In 2009 the Information Technology and Innovation Foundation (ITIF) and the Breakthrough Institute collaborated to produce a report titled “Rising Tigers, Sleeping Giant,” which benchmarked the clean energy competitiveness of China, Japan, South Korea, and the United States and emphasized the importance of innovation as a driver of economic competitiveness. This follow-up report examines the competitive economic position of those same four nations in the global clean energy technology sector as of 2015. It focuses on three low-carbon energy generation technologies—solar, wind, and nuclear power—exploring competitiveness in these industries as measured by research, development, and demonstration (RD&D), and new infrastructure deployment. It also discusses policy conclusions for the United States, including reasons why the United States cannot count on current public policies and private incentives to address climate change and remain competitive.
The international energy landscape has changed considerably since 2009. Large stimulus packages following the Great Recession gave way to significant adjustments in public and private RD&D and investment, with austerity measures in the United States and large reallocations in Japan out of the nuclear sector. Japan, a longstanding U.S. rival in cutting-edge technologies, and Korea are both ramping up clean technology RD&D investment and are well-positioned to be at the forefront of new developments. The United States has maintained moderate levels of public investment in clean technology since 2010—levels that are nevertheless lower than the other three countries.
Investment by these erstwhile leaders is taking place in the context of the rising Chinese clean energy sector. Driven by strong domestic demand, low manufacturing costs, and protectionist local content requirements, China’s clean manufacturing output has surged past its competitors in nearly all metrics. Chinese companies top the list of largest solar panel producers and are making significant inroads in wind turbine production. This is not simply because China is a convenient low-cost producer of technologies developed in other nations; the Chinese government now spends more on renewable energy RD&D than any other nation.

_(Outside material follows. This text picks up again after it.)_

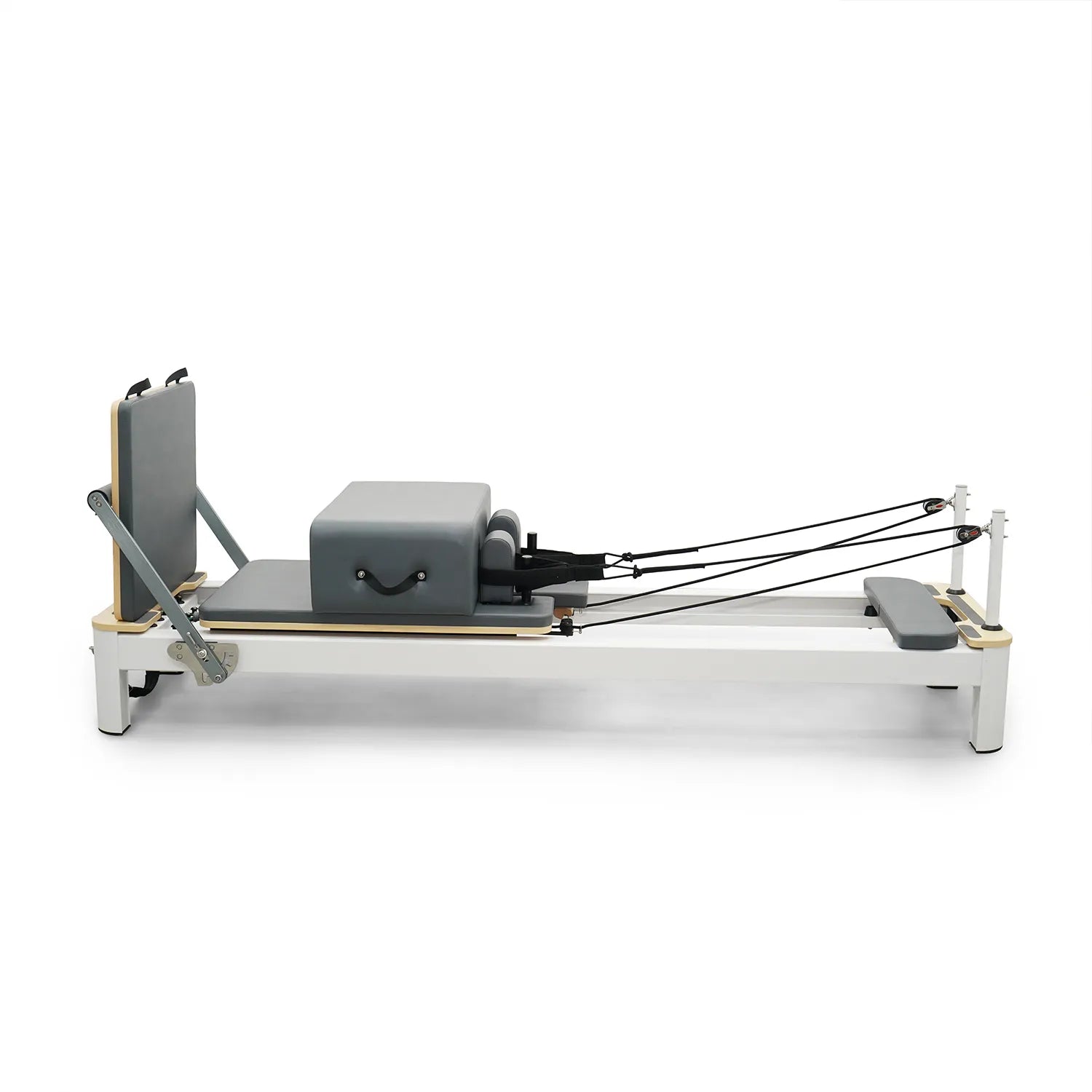 Sleek profile of Aluna aluminum pilates reformer, compact design for high-end home gyms.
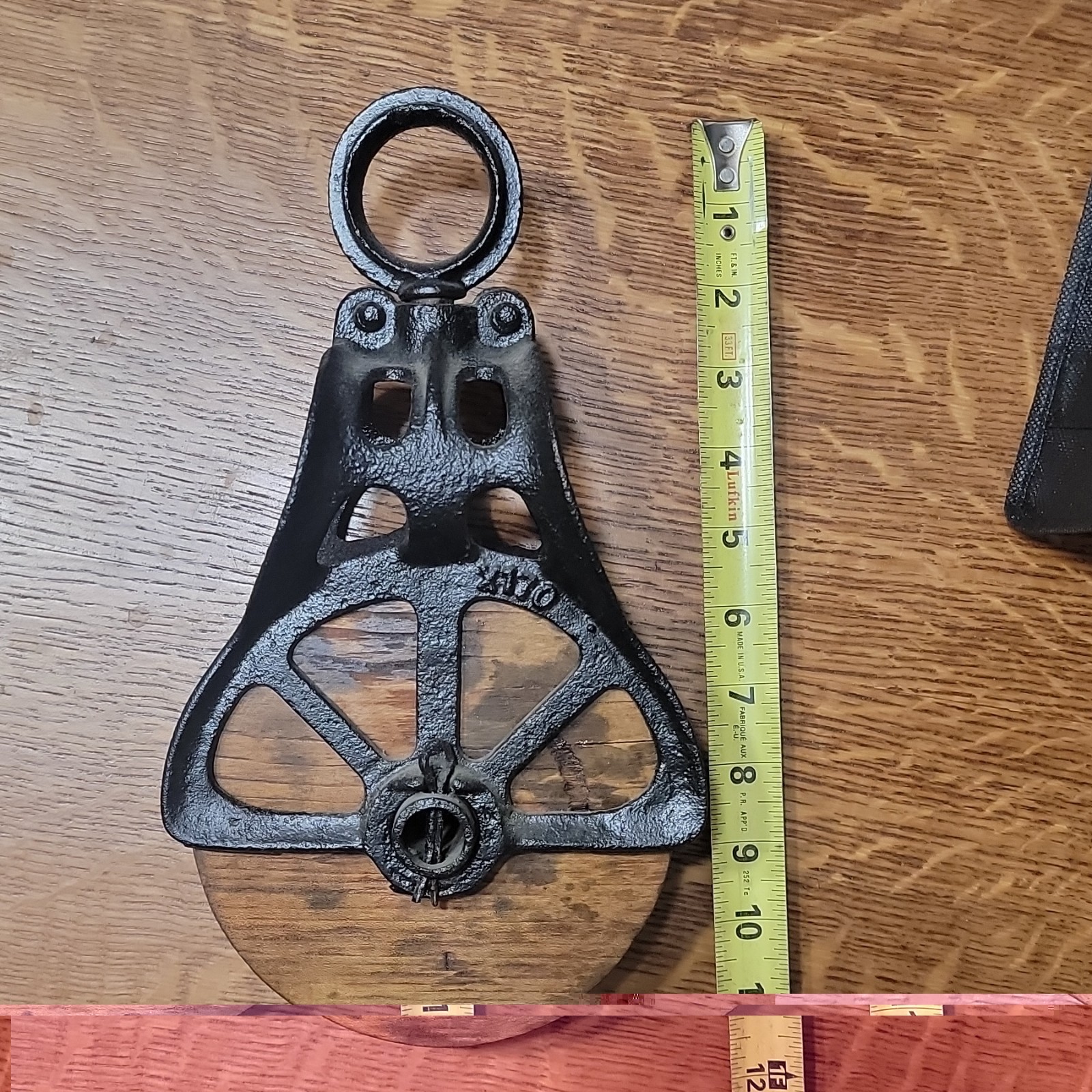 Antique Cast Iron & Wood Single Pulley Block Tackle w/ Hook Eye, 11 in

If the United States intends to remain competitive it must eliminate a number of barriers to clean energy investment and adoption. Increased public R&D funding is the best hope to achieve cost reductions that can render clean energy price competitive with fossil fuels. Private markets do not adequately account for knowledge spillovers from new technology and thus undervalue RD&D, nor are they often able to take on the long-term risks necessary to develop breakthrough technologies. Private markets are also shaped by decades of public investment in existing infrastructure and subsidies for fossil fuels. Strengthened public investment is needed to turn the tide toward clean energy and keep the United States competitive in clean energy markets going forward.